Located on the second floor of the Union, a collage of student memories lines the wall outside the University Senate Chamber. Credit | Tatyana Woodall

By: Tatyana Woodall

When Roaya Higazi, a fourth-year in city and regional planning, first joined Undergraduate Student Government, she wasn’t planning on staying long.

“I ended up leaving the organization during my sophomore year,” she says. “Just because I just felt as a student of color and also a Black Muslim woman, I just had a really hard time adjusting.”

But passionate about finding ways to commit to service and social justice on campus, the detour eventually led her back to doing some diversity and inclusion work for the organization.

Comprised of four branches; executive, legislative, judicial, and shared governance, USG is made up of multiple committees, panels, and directors. All of them, student-run. 

After beating out two other candidate-teams in early March on a campaign bent on uplifting marginalized students, Higazi and Caleb Hineman, a fourth-year in natural resource management, were named president and vice president, respectively.

Inside their administration, making sure students not only have the ability to advocate for themselves - but feel empowered while doing it, is a priority.

“That’s something that a lot of students underestimate, and they don’t realize how important collective student power and collective student voices really are.” Higazi says. 

The sign over the door to the assembly room, university policy-makers gather here.
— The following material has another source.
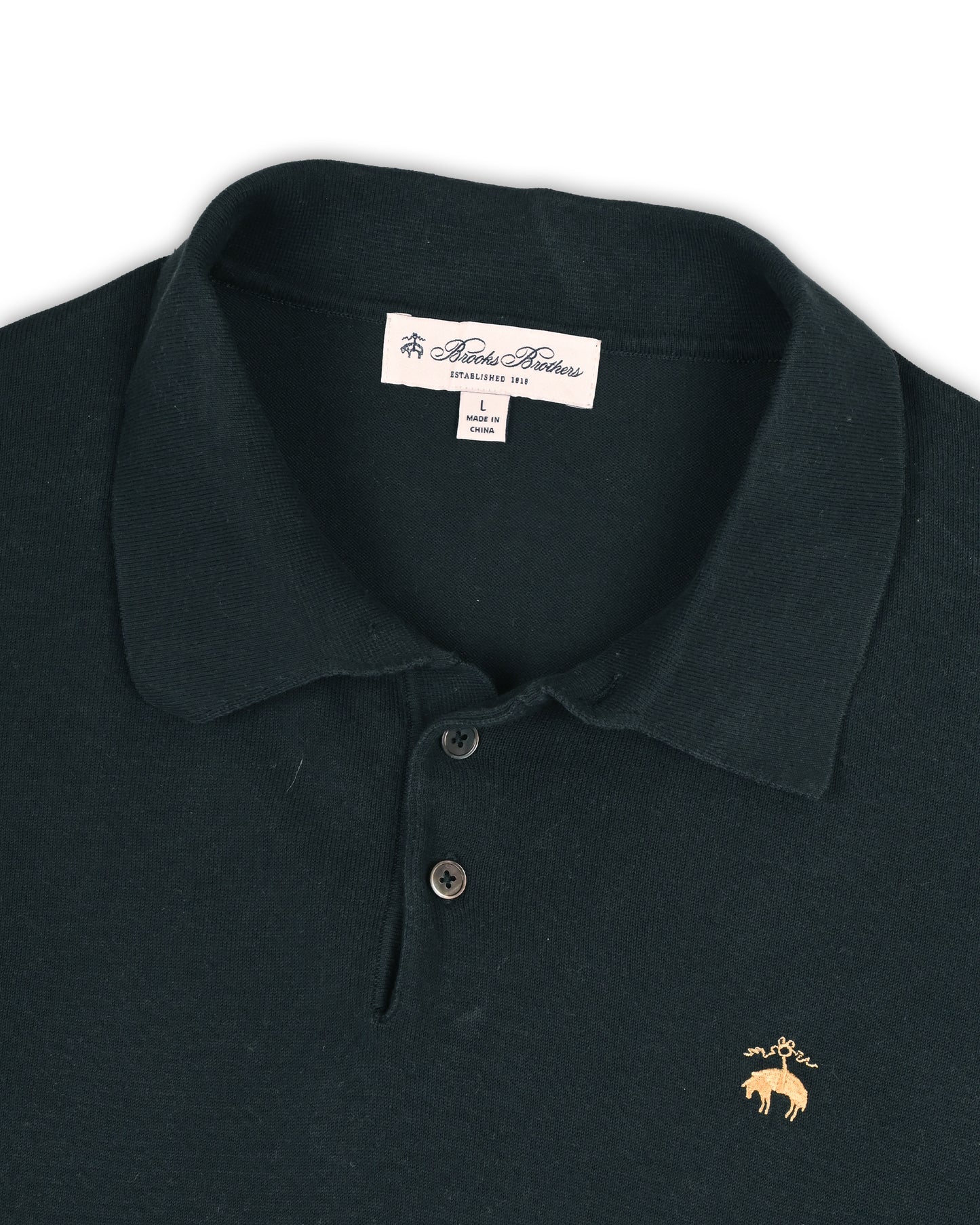 BROOKS BROTHERS T-SHIRT - L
Credit | Jacob Chang

Members can be anyone from first-years to fourth-years and beyond, but an essential part of that inclusion means making sure that student government is as ideologically diverse inside, as it is for those affected by their decisions on the outside.

Hineman, who works closely with the General Assembly, says although his journey into service was relatively smooth, he understands that not everyone has had the same luxury. 

“I know plenty of committee representatives who are entry level members who did not have that experience,” he says. “I think we kind of wanted to come together and help to make changes so that wasn’t always the narrative, especially for marginalized students.” 

But after a summer filled with racial injustice and the stress of being unable to hold in-person meetings, compared to previous administrations, the challenges Higazi and Hineman face are uniquely difficult.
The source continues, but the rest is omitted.